Boeing also began moving with the group and its high correlation continues to this day.
For that reason, it’s worth analyzing the entire industry alongside Boeing stock. Until the economy fully recovers and we see companies start trading more on their individual fundamentals, it’s a good bet the link between the two will persist.
JETS Turbulent Flight and Boeing Stock
The infamous Nov. 9 rally was a game changer for risk assets – airlines included. The Street’s new favorite ETF for the space is the US Global Jets ETF (NYSEARCA:JETS).
Last month’s mega-pop finally carried JETS past its 200-day moving average and multiple resistance zones. Optimists are hoping the bottom is in and a smooth uptrend will return us to $30 and beyond. I’m skeptical that we will see such a quick trip, however.
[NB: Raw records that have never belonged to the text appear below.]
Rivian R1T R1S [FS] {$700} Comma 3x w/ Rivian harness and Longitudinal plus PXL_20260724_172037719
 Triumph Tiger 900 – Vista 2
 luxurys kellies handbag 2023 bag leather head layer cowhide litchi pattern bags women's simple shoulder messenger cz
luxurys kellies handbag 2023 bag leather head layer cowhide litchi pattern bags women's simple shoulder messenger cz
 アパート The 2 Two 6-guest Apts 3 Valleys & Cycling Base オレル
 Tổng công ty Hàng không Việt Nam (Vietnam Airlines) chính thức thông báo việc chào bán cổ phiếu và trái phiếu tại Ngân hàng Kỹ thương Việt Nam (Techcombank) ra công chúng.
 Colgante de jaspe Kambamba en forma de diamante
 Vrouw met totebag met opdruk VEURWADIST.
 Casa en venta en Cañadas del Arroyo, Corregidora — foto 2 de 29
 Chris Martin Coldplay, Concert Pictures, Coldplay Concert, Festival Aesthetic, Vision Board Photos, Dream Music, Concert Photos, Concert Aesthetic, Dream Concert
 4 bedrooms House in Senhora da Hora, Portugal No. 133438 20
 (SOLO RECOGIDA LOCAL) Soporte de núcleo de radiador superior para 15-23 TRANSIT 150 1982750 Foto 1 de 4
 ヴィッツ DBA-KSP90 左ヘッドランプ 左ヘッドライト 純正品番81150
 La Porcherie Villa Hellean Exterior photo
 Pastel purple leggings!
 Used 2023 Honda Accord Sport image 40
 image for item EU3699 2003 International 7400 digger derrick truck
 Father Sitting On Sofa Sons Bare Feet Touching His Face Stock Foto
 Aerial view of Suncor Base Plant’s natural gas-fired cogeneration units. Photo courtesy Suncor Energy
Air traffic is still down dramatically and the fundamentals of many carriers looks terrible. As a result, I suspect the recovery will be riddled with turbulence. Monday’s whack is a perfect example. Heavy selling caused JETS to fall back below its rising 20-day moving average for the first time since October.
Tuesday didn’t improve matters much. We failed to take out Monday’s high and at the time of this writing, JETS is down another 1.5%.
The next two support zones come into play at $20 and $19. This dip will eventually be a buying opportunity, but I’m not itching to pull the trigger just yet.
Boeing Stock Charts
With the industry’s posture now in context we can cast a more discerning eye at the recent Boeing bounce. But, perhaps “bounce” doesn’t do the turnaround justice.
BA stock has rallied 72% off the October low, reversing both its daily and weekly downtrend in the process. The past few weeks of selling are well-deserved after such a red-hot run. As far as the weekly trend is concerned, this selling appears nothing more than a garden variety retracement. As long as we don’t breach $192, the newfound weekly uptrend remains intact.
The depth of the pullback does show some weakening in the daily uptrend with the recent break of the 20-day moving average. I like using Monday’s low as the line in the sand for when to pull in the horns even more. We bounced back strong from Monday’s down open, ending with a compelling bullish candle. Let’s call $210 the new support zone that we need to stay above to keep a short-term bullish outlook alive.
Before entering a new long trade, however, I suggest waiting to see if prices can reclaim the high side of the 20-day moving average. We got rejected on the first attempt in early-morning trading on Tuesday.
Long Call Spreads
With our battle lines drawn for short-term traders, it’s easy to create a simple “if-then” type of trade. If BA stock closes above the 20-day (near $225), then you can pull the trigger on bull plays. Waiting for confirmation that the next upswing has arrived prevents us from catching a falling knife.
Implied volatility is in the tank at the 13th percentile, so I prefer buying calls over selling puts once we push above $225.
The Trade: Buy the Feb $230/$240 bull call spread.
The cost should be around $3.50 to $3.75 when the stock triggers.
On the date of publication, Tyler Craig did not have (either directly or indirectly) any positions in the securities mentioned in this article.